Wednesday, October 10, 2007

General Equilibrium: Same As It Ever Was

Some mainstream economists (e.g., Bliss and Hahn) responded to the Cambridge Capital Controversy by taking their stand on the Arrow-Debreu very short run model of intertemporal General Equilibrium. They claimed that this model is logically consistent, and it is unaffected by Sraffa effects. I think the latter proposition, at least, is debatable.

Be that as it may, perhaps the Sonnenschein-Mantel-Debreu results show that the Arrow-Debreu model has no empirical implications. That is, the theory imposes no restrictions on the directions of aggregate movements in prices and quantities in response to changes in the data. Kenneth Arrow, Alan Kirman, D. Saari, and S. Abu Turab Rizvi are some who have advanced this claim.

Some have challenged my understanding on this claim, pointing out some work done by Donald Brown and others. S. Abu Turab Rizvi has recently reviewed this recent work ("The Sonnenschein-Mantel-Debreu Results after Thirty Years", History of Political Economy, V. 38 (Annual Supplement): 228-245). He concludes that:
"...Brown and Matzkin do provide a restriction that can conceivably be refuted... Despite this ..., if the only data ... are at the aggregate level, general equilibrium theory does not generate refutable restrictions... [T]he Brown-Matzkin results require individual-level ... vectors.

Matters are even clearer on qualitative features ... such as local uniqueness, stability, and comparative statics. The equilibrium manifold approach ... does not allow us to refute statements on these features... [W]e cannot test to see if an economy is poorly behaved... [T]he intuition that general equilibrium theory is devoid of meaningfully general results remain true..."
I continue to remain puzzled about what mainstream economists take the content of price theory to be.

6 comments:

YouNotSneaky! said...

"That is, the theory imposes no restrictions on the directions of aggregate movements in prices and quantities in response to changes in the data."

Yes but in a way, wealth effects SHOULD make everything weird, else they're almost not even worth bothering with. So the difficulty of applying the theory empirically is the result of the realism of the theory. Life's tough and the world is under no obligation to make things easy for economists.

Gabriel M said...

Well, nothing stops you from working, in empirical applications, with further restricted models. -- If you estimate the latest Gali-esque NK models you get marginally better forecasts than the large, old econometric models.

What I don't understand in your post is the claim that G.E. is "very short run". Models with infinite time are clearly not "very short run".

The requirements for the Ist Welfare Theorem are so loose these days that you can have much weirdness in your production set or preference relation.

Robert Vienneau said...

In the Arrow-Debreu model of intertemporal equilibrium, the initial quantities of all commodities are among the given data.
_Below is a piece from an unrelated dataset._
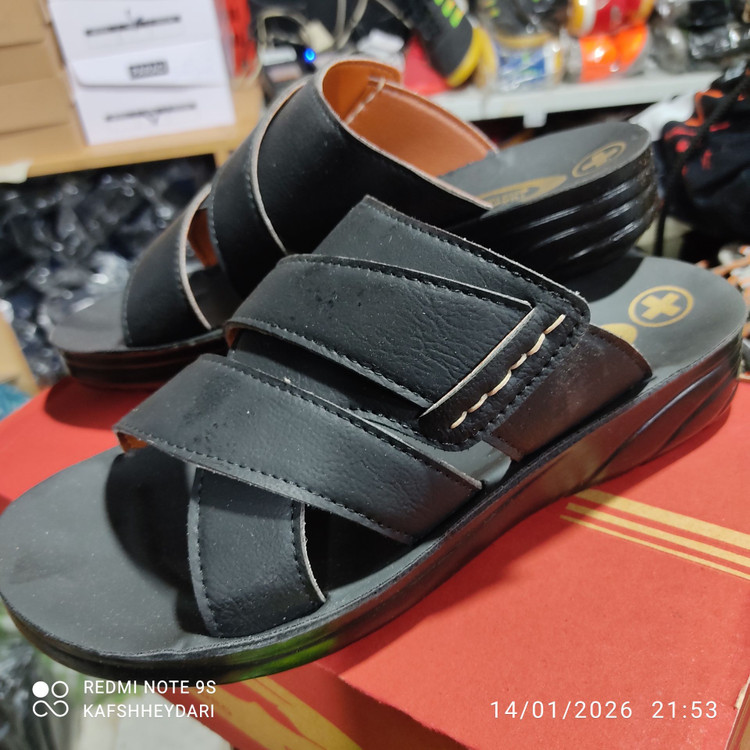 صندل طبی مردانه طرح چرم نمای پشت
This includes the initial quantities of both fixed capital and circulating capital goods. Hence, the model is very short-run.

Michael Greinecker said...

Actually there is research using empirical data on the individual level to get results about actual economies using a GE approach. Werner Hildenbrand does exactly that in his work on the law of demand.

Gabriel M said...

The initial endowment is given. It doesn't follow that you can't produce more (capital). What am I missing?

Robert Vienneau said...

I nowhere assert that more capital goods cannot be produced at future time periods in an Arrow-Debreu intertemporal equilibrium.

Consider long run models like the Harrod-Domar model, the Solow growth model, or the von Neumann growth model. In these models the initial quantities of capital goods are not given data. These quantities are solved for in solving the model.

The transition from given initial quantites to long run equilibrium paths is modeled by some sort of short run model.